2

I have a piece of code that is constantly creating new instances of class Car. In doing so, class Car is creating a list of instances of itself so when I want to get the info of the current instances, I can easily do so, like in the below code:

from multiprocessing import Process
import time
class Car:

    car_list = list()
    def __init__(self, id, model):
        self.id = id
        self.model = model
        Car.car_list.append(self)

    @classmethod
    def get_current_instances(cls):
        return Car.car_list


class Interface:

    def print_current_system(self):
        while True:
            print(len(Car.get_current_instances()))
            time.sleep(1)



if __name__ == "__main__":

    interface = Interface()
    model = ["Toyota", "BMW"]

    [Car(i, model[i]) for i in range(len(model))]

    print_process = Process(target=interface.print_current_system)
    print_process.start()

    Car(2345, "Tesla")
    print("from main process " + str(len(Car.get_current_instances()))) 

This code is simplified for the purpose of the question. However, the problem still remains the same. I am invoking a function print_current_system from a new process. This function is constantly looking at all the current instances of Car and prints the number of cars.
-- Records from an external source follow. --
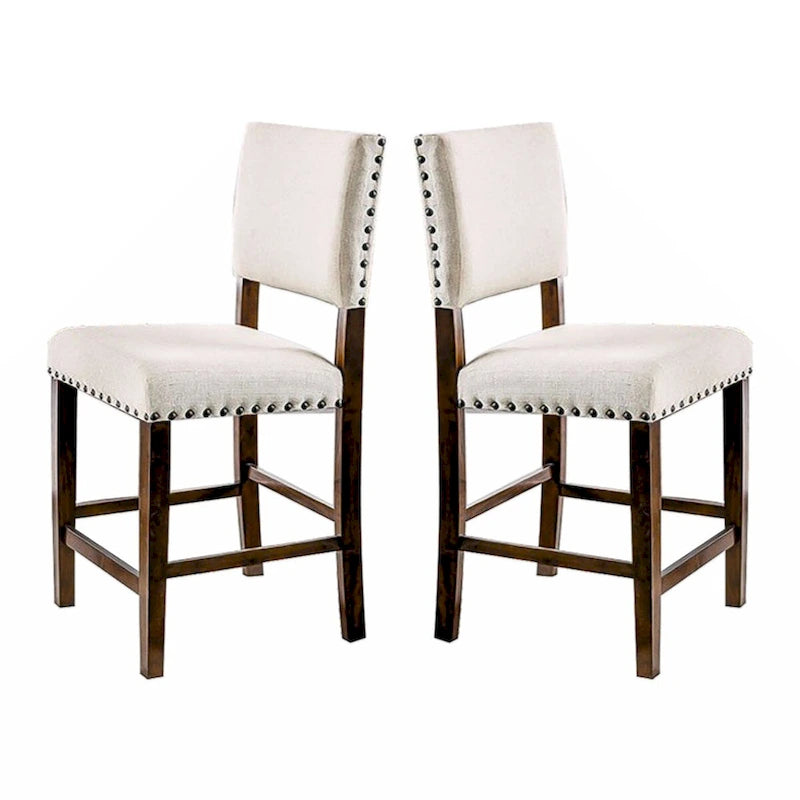 Set of 2 Linen Upholstered Dining Chairs with Nailhead Trim in Brown Cherry and Ivory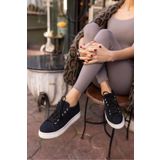 ANGELİNA JONES GWEN KADİN SİYAH KETEN LASTİKLİ SNEAKER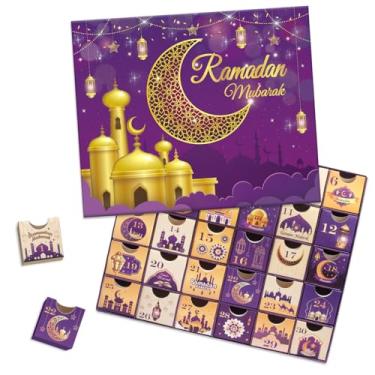 Imagem de PARSUP Calendário Do Advento Do Ramadã Com Gavetas 2024, 30 Caixas Vazias Para 30 Dias, Calendário De Coutdown Eid Mubarak Presente De Ramadã Preenchável, Arte Islâmica, Caixa De Armazenamento De Nú
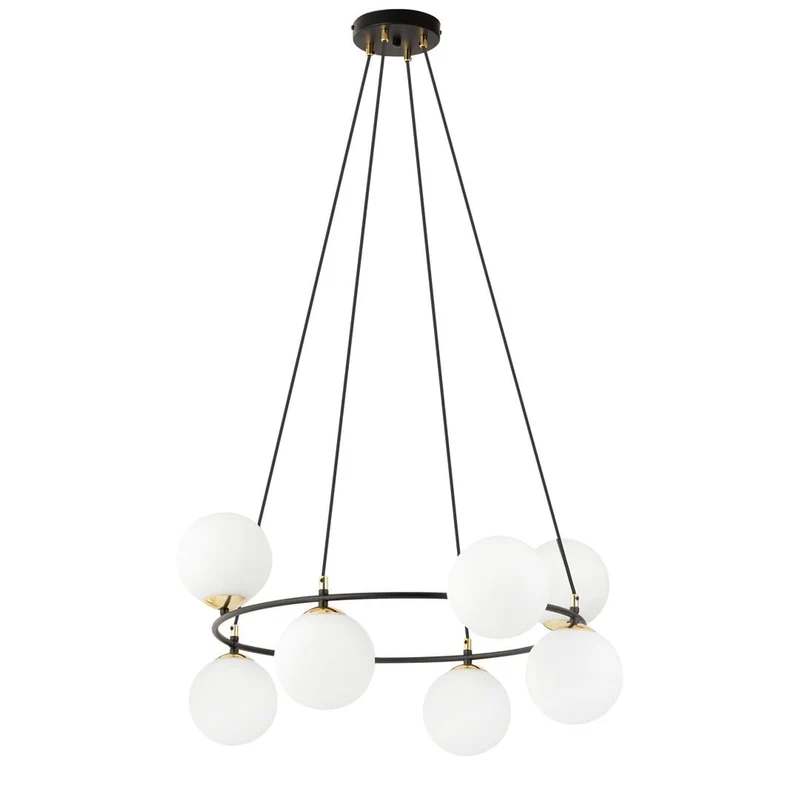 Suspension Cuisine Globes Verre Vlanc Style Glamour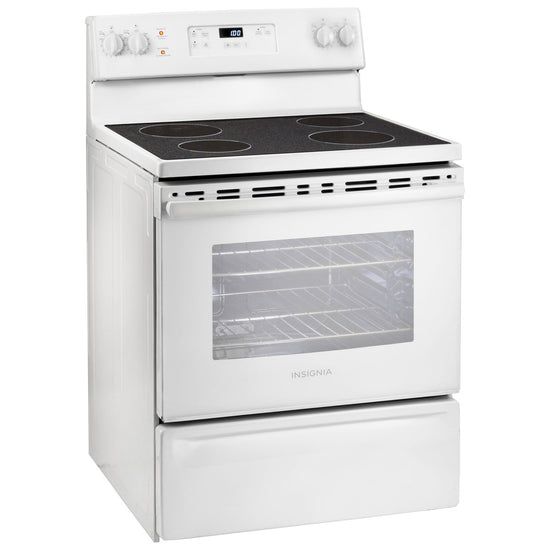 Insignia 30" Electric Range, White - NS-RNE4BMWH9-C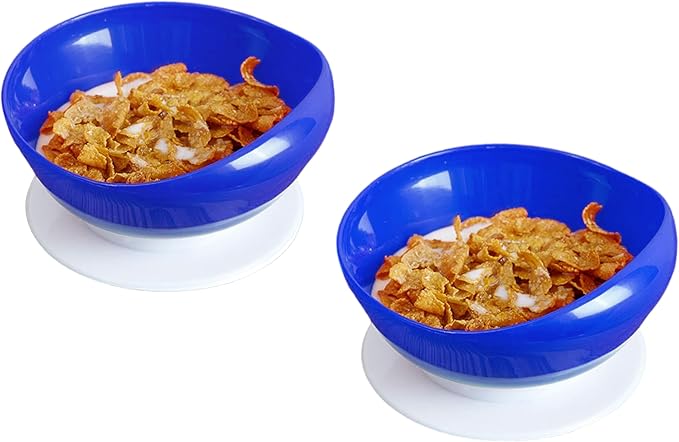 pekokavo 5.8" Anti-Spill Suction Bowl for Seniors, Non-Slip No Tip Adaptive Feeding Bowl for Elderly, Disabled Adults, or Parkinson's, Pack of 2 (Blue Bowls)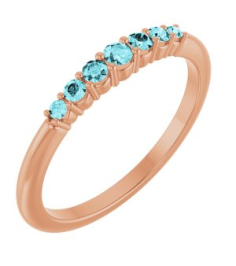 72022 Ring Set 14K Rose Natural Blue Zircon Round 2.25 Mm Natural Blue Zircon Polished Natural Blue Zircon Stackable Ring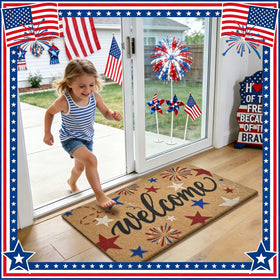ULTSOFE durable artificial coir look mat reduces dirt tracking.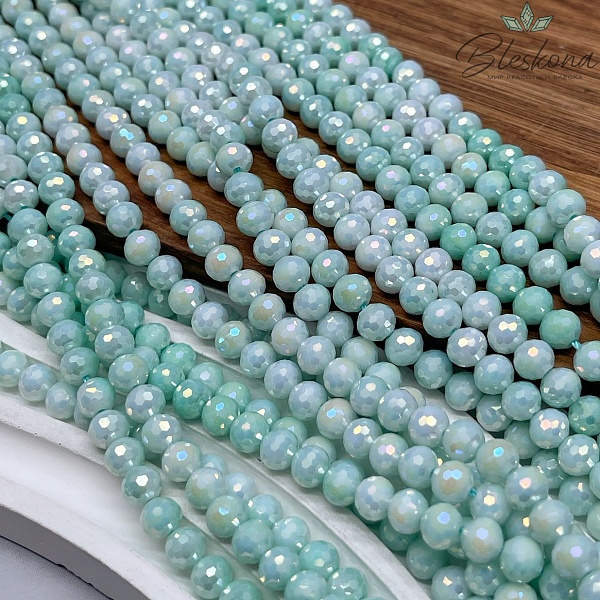 Стекло Lux мятное огранка острая 6 мм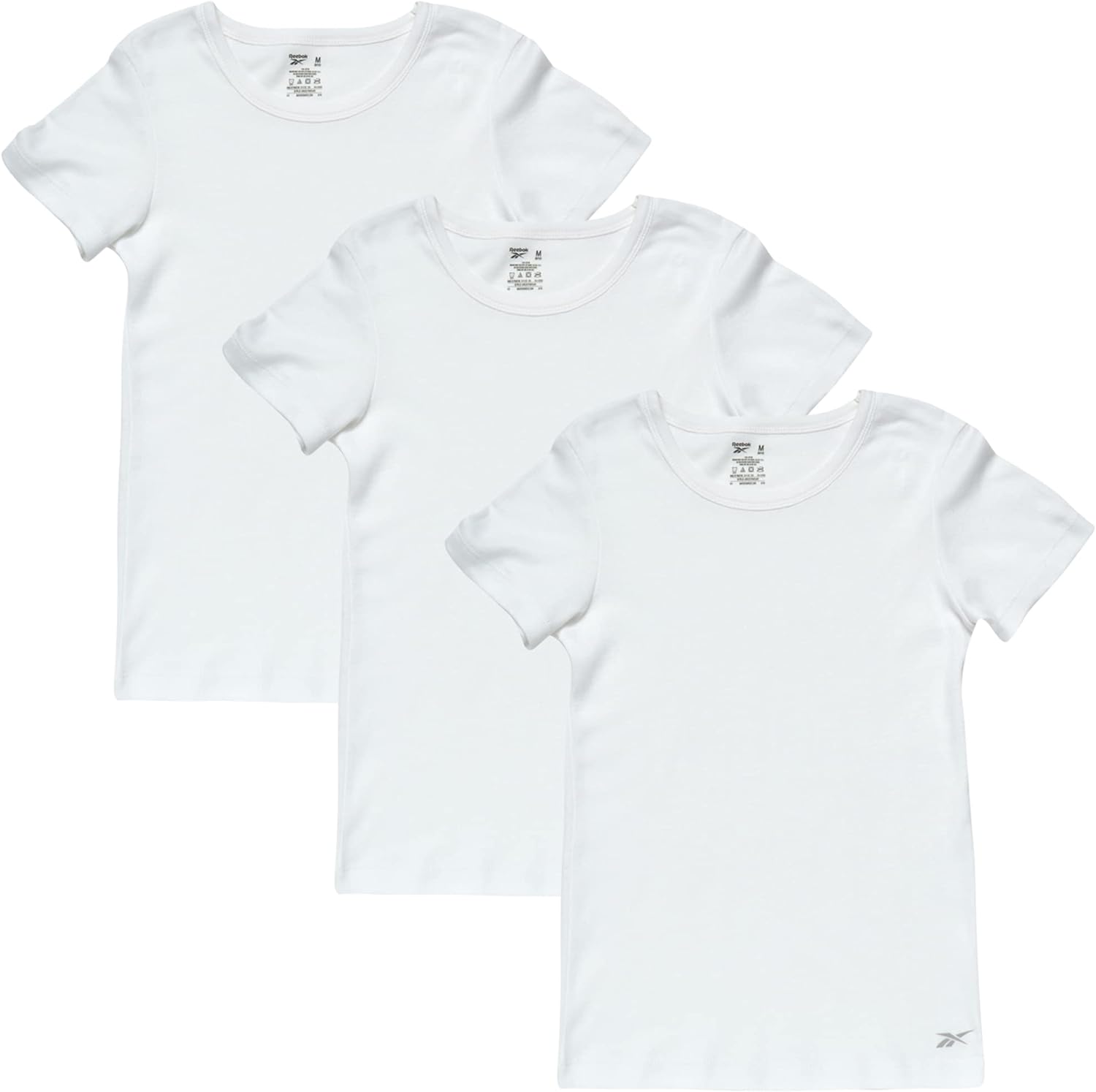 Reebok Girls' Undershirt - Soft Breathable Basic Crew Neck Shirt (3 Pack)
When I start this process, and then, later on, add some new instances of Car, these instances are hidden to the other child process while are perfectly visible to the main process. I am pretty sure I need to use something like Queue or Pipe. However, I am not sure how. This is the output of the above code:

2
from main process 3
2
2
2
2
2
bcsta
  • 1,963
  • 3
  • 22
  • 61
  • memory is not shared between processes, You need to syncrhonize it through a queue for example – Netwave Nov 29 '18 at 14:06
  • @Netwave but how will that work? do I have to put all the instances of Car in the queue? Plus when I invoke queue.get() that decreases the size of the queue by one right? I am not seeing how this would work. – bcsta Nov 29 '18 at 14:13
  • yes, instead of pushing to a list you need to push to a queue the number of processes you have so all of them can use it. – Netwave Nov 29 '18 at 14:14

2 Answers2

0

Background: Because Python is, by nature, single threaded (the interpreter is guarded by the GIL, or global interpreter lock), there are not true threads in it. Instead, to achieve the same effect, you have to use different processes, as you are doing in your example. Because these are different processes, with different interpreters and different namespaces, you will not be able to access normal data in one process from a different process. When you create the new process, the python interpreter forks itself and makes a copy of all Python objects, so Car.car_list is now two different objects, one in each process. So when one process adds to that list, it is adding to a different list than the other process is reading.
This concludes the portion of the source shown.